Lindsey, William D., Stupid NET Tricks. Posting to w3c-sgml-wg@w3.org, 14 September 1996. http://lists.w3.org/Archives/Public/w3c-sgml-wg/1996Sep/0139.html

Lindsey, William D., lml -- Lambda Markup Language: A.K.A. "Stupid NET Tricks". 15 August 1999. http://www.blnz.com/lml/index.html

Marsh, Jonathan, ed. XML Base. W3C Proposed Recommendation 20 December 2000. [Cambridge, Sophia-Antipolis, Tokyo]: World Wide Web Consortium, 2000. http://www.w3.org/TR/xmlbase/

Sperberg-McQueen, C. M., and Claus Huitfeldt, GODDAG: A Data Structure for Overlapping Hierarchies. Paper presented at the conference Principles of Digital Document Processing, Munich, September 2000.

3. List of productions

For convenience, we append a list of non-terminals with the sections in which they are defined.

atts 2.2.8 Internal structure of tags
cdata-section 2.2.6 CDATA marked sections
cdchars 2.2.6 CDATA marked sections
CHAR 2.2.9 Basic tokens
character-ref 2.2.5 Entities
chunk 2.2.1 Documents
comment 2.2.7 Comments
commentdata 2.2.7 Comments
datacharacter 2.2.9 Basic tokens
document 2.2.1 Documents
eid 2.2.8 Internal structure of tags
end-tag 2.2.3 Start- and end-tags
end-tag-set 2.2.3 Start- and end-tags
external-entity 2.2.5 Entities
gi 2.2.8 Internal structure of tags
id 2.2.8 Internal structure of tags
IDENTIFIER 2.2.9 Basic tokens
idref 2.2.8 Internal structure of tags
internal-entity 2.2.5 Entities
NAME 2.2.9 Basic tokens
resume-tag 2.2.4 Interrupted elements
S 2.2.9 Basic tokens
sole-tag 2.2.2 Empty and virtual elements
start-tag 2.2.3 Start- and end-tags
start-tag-set 2.2.3 Start- and end-tags
suspend-tag 2.2.4 Interrupted elements
URL 2.2.9 Basic tokens
virtual-element 2.2.2 Empty and virtual elements

4. Virtual elements

We appear to have three choices to make regarding virtual elements. A virtual element is an element whose serialization form is in some way incomplete, and the properties of which are (on the logical level) to be supplemented by information taken from elsewhere in the serialized file.

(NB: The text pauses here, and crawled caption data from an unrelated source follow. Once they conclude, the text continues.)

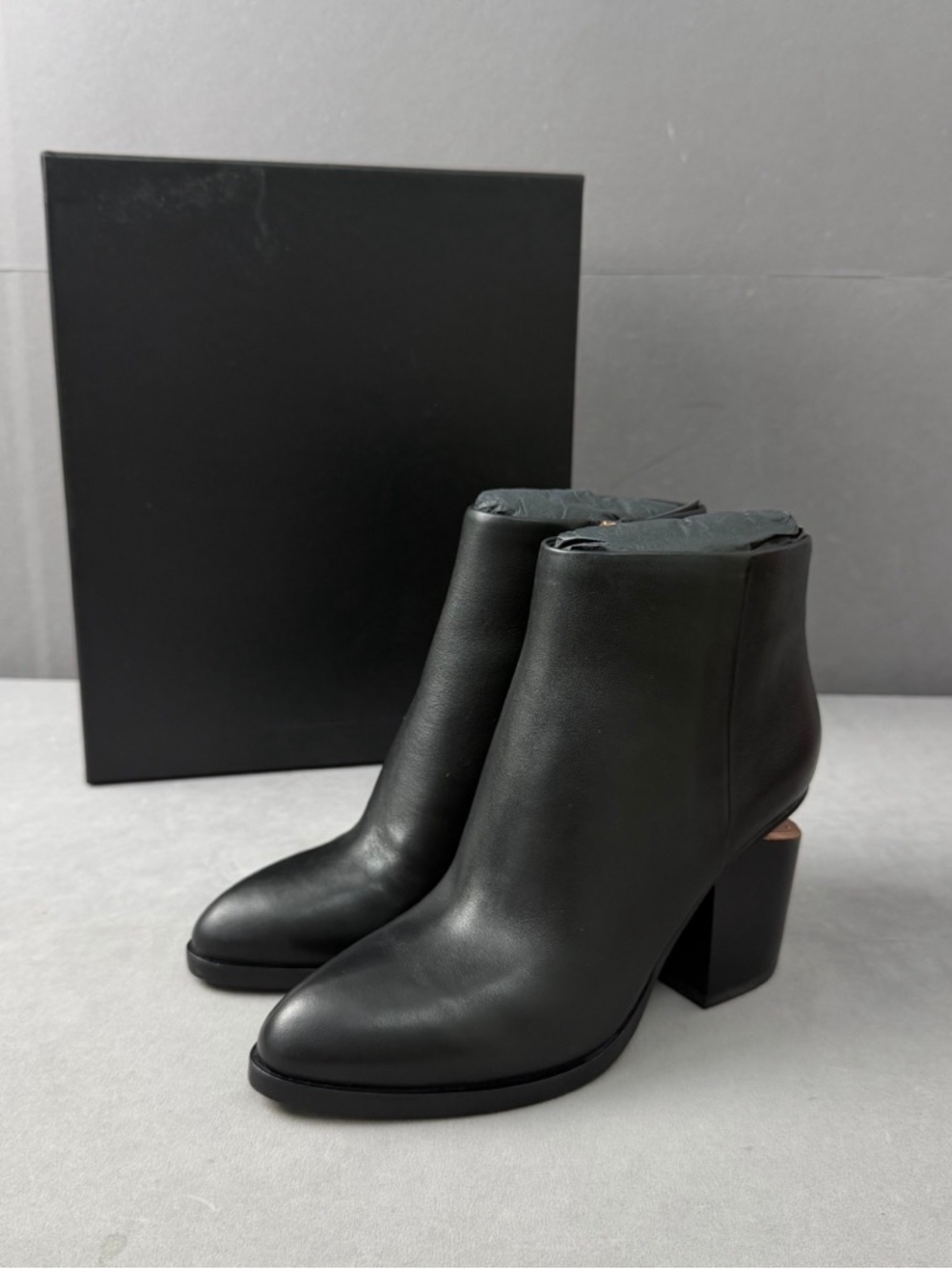 🚩steal Alexander Wang Black Leather Block-Heel Ankle Booties
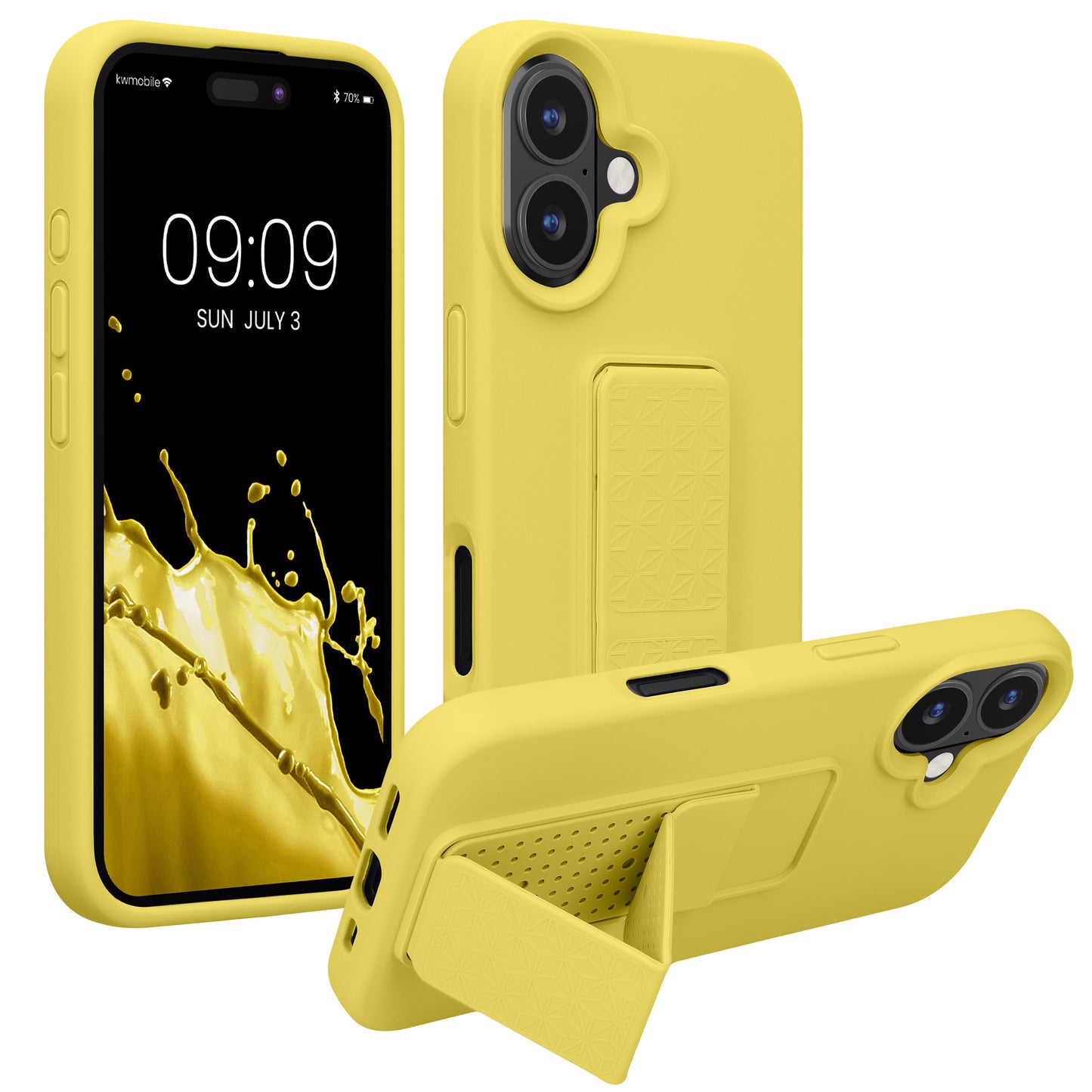 kwmobile Handyhülle kompatibel mit Apple iPhone 16 - Hülle mit Fingerhalter und Standfunktion - Silikon Case Handy Cover in Strahlend Gelb Strahlend Gelb  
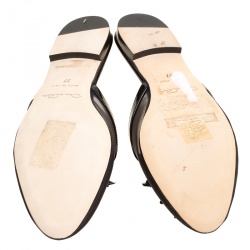 Pre Owned Oscar de la Renta Black Mesh Embellished Flat Slides Size 37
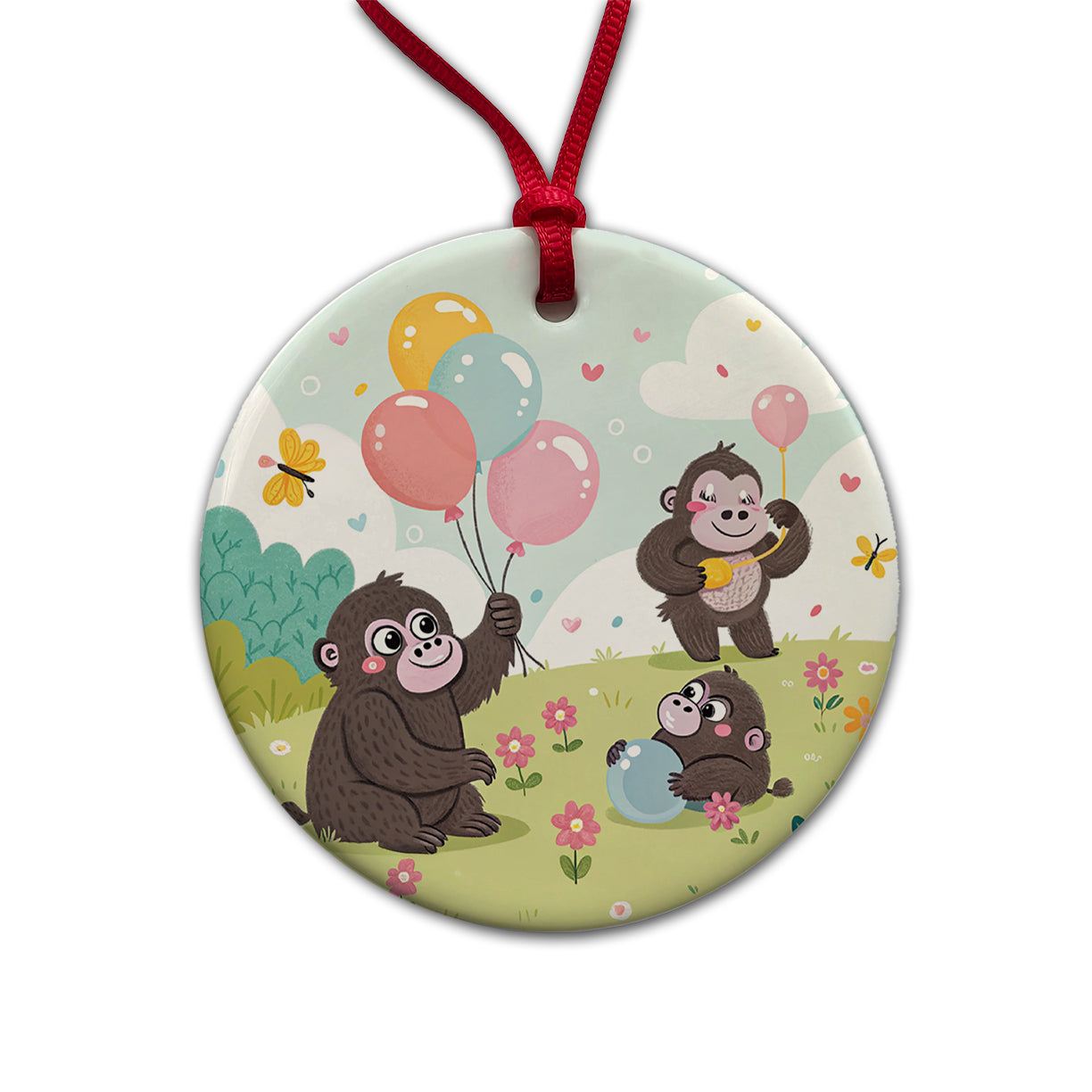 Kawaii Gorillas Round Ceramic Holiday Christmas Tree Ornament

On the Goddag level, there is no distinction between virtual and other elements.

The three choice points are:

Should the virtual element carry one IDREF, or a series of IDREFS?
Should it specify a generic identifier and attributes, or take them over from the item(s) pointed at? (Or, possibly, specify some and take some over?)
Should the children of the virtual element be the nodes it points at? Or should they be the children of the nodes it points at?

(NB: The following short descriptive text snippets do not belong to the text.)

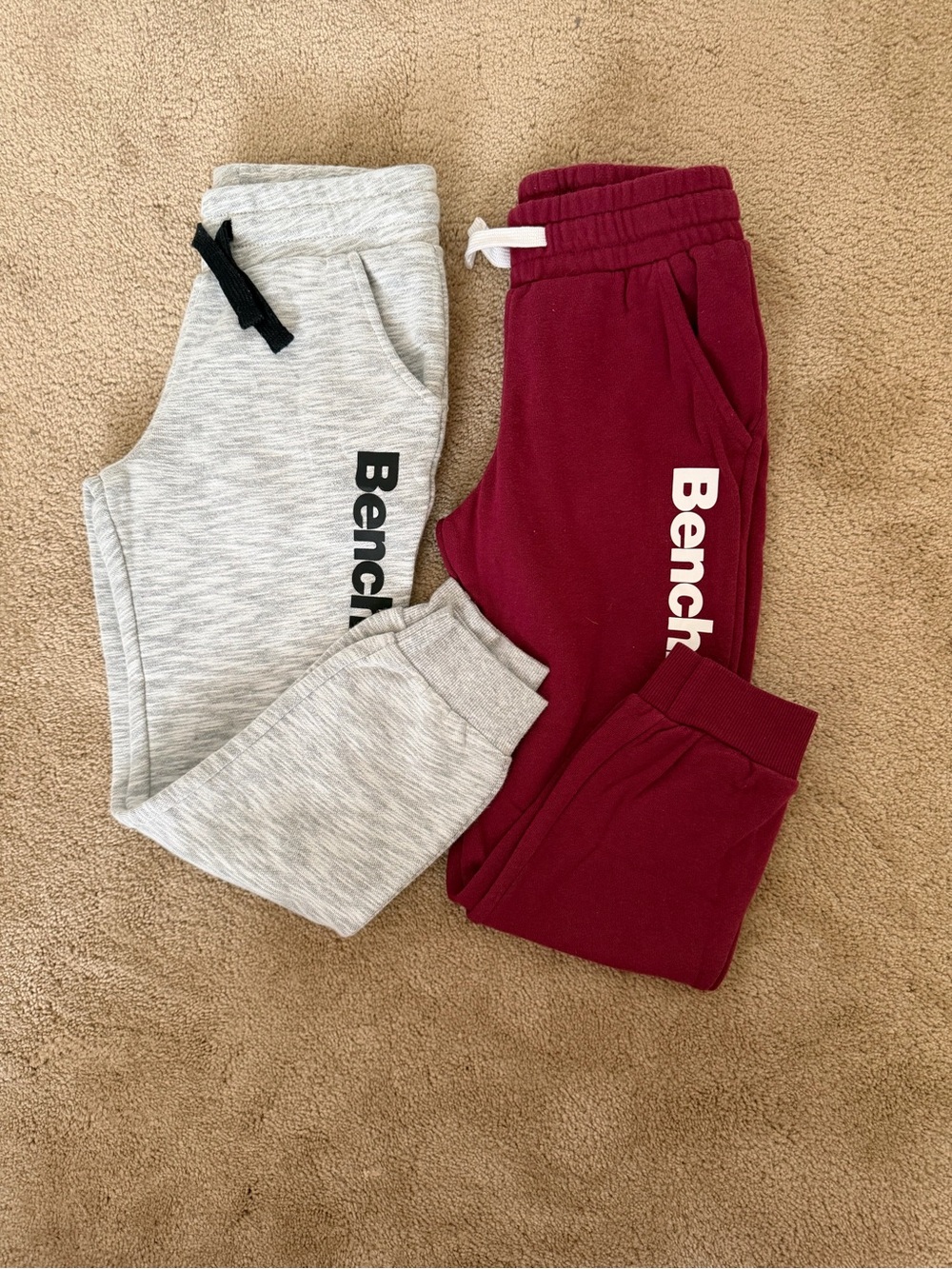 Bench Kids Sweatpants Duo in Light Gray and Burgundy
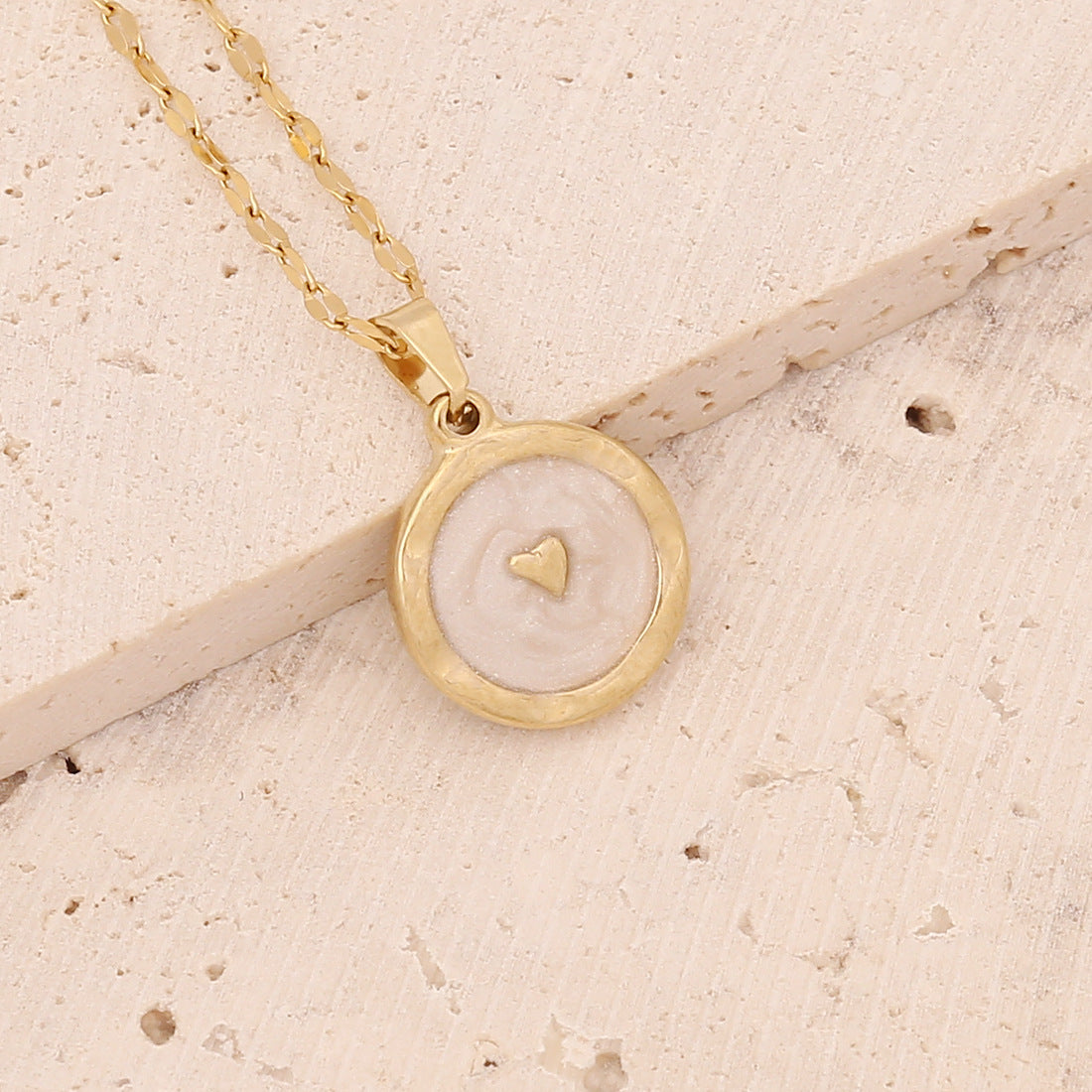 Geometric Owl Heart Stainless Steel Pendant Necklace with Zircon Inlay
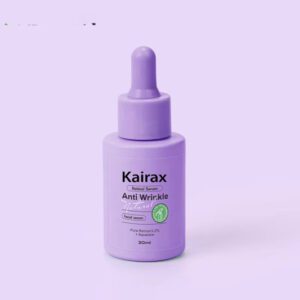 A 30ml bottle of Kairax Anti Wrinkle Retinol Serum with a purple dropper cap, featuring a label that reads "Pure Retinol 0.2% + Squalene" on a light purple background.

Number of IDREFs	Specify or take GI and attributes	Take children or nodes as children	Comments
one	specify	children	This is what MSM has been tending toward.
one	specify	node	Pointless? Leads to chains.
one	take	children	Does not allow for retagging (use of virtual elements to represent alternative interpretations of the material, cf. TEI <certainty>)
one	take	node	No good: leads to chains, and reduplicates nodes on them.
n	specify	children	Cf. TEI <join> with `scope="branches"`
n	specify	nodes	Cf. TEI <join> with `scope="root"`
n	take	children	Logical problem: can't take one GI and attribute set if there are n places to take it from.
n	take	nodes	Logical problem: can't take one GI and attribute set if there are n places to take it from.

This version of this specification chooses the first row.

5. Open questions

This section lists questions that have arisen during completion of this paper.

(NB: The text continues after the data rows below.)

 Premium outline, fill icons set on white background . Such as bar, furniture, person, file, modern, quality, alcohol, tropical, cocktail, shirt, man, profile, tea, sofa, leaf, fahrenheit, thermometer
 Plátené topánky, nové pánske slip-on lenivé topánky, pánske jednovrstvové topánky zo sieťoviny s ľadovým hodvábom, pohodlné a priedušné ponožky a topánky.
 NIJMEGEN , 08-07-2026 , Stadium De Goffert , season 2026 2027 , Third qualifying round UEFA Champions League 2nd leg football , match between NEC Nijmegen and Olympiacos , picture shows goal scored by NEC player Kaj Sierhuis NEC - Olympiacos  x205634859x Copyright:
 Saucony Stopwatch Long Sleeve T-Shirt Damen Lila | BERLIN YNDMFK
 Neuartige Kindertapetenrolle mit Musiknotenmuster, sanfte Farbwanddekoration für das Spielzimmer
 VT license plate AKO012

Should suspend- and resume-tags, and tags for virtual elements, have distinctive closing delimiters (i.e. {+e+{ ... }-e-}, as tags for unordered elements do? Or conversely should unordered elements be distinctive only at the beginning of the tag? ({|e{ ... }|e})
Should suffixes without base names be allowed? We have introduced them in order to allow anonymous spans to overlap; perhaps that is unnecessary, since anonymous spans are important only for segmenting character data in order to allow virtual elements to point at it, and anything we can express with virtual elements and overlapping anonymous spans we can also express with virtual elements and anonymous nonoverlapping spans.
Should S be allowed between any two tokens in markup? For example, should { p { be a legal start-tag? In XML, the first set of blanks is not allowed; the second is. SGML imposes this rule in order to allow stago followed by blanks to be used without being escaped in any way; since XML and TexMECS require the delimiter to be escaped regardless, the rule appears to serve no function anymore.